Paul then gives a second example in King David, because David at one point had messed up his life so badly that he had to face a fact too, that his sins had rendered him “as good as dead” as well, and no way could he make up for the horrors of what he’d done (6) unless God did it for him. Which is exactly what David believed – that in YHWH there really was a God who gives life to the dead – which in his case was forgiving his sins and not counting his sins against him (7-8). And for believing that he too, like Abraham, was credited with righteousness (6).

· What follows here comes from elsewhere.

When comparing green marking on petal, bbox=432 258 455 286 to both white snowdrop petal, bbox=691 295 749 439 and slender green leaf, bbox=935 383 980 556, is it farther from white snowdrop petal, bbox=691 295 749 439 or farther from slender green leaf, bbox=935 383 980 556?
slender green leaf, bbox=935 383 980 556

Both these examples Paul then uses to lead into what constitutes belief in YHWH for us today, because what was written about Abraham is “also for us” (23-24). And what was written about David is for us too, because we’re also faced with the fact that sin rendered us as good as dead, and there was nothing we could do about it either. But Jesus did what was needed for us, by being “delivered over to death for our sins” (25).
And that’s what we’re being asked to believe, just like Abraham was being asked to believe that YHWH would give him a son. But YHWH also offered proof to help Abraham believe, by telling him to look up at the stars, as obvious proof that he, the Creator of all those stars, was fully capable of producing just as many descendants for Abraham. And it was then that Abraham believed (Genesis 15:5-6).
And God’s done the same for us, having “raised Jesus our Lord from the dead” (Romans 4:24), because there’s our proof that he “gives life to the dead” to help us believe he’ll raise us from our old dead selves too.
And that for us is what constitutes belief in YHWH, that in both Jesus’ death and his resurrection we believe God has done for us what we could not do. But “Why is our belief so important?”….(next blog)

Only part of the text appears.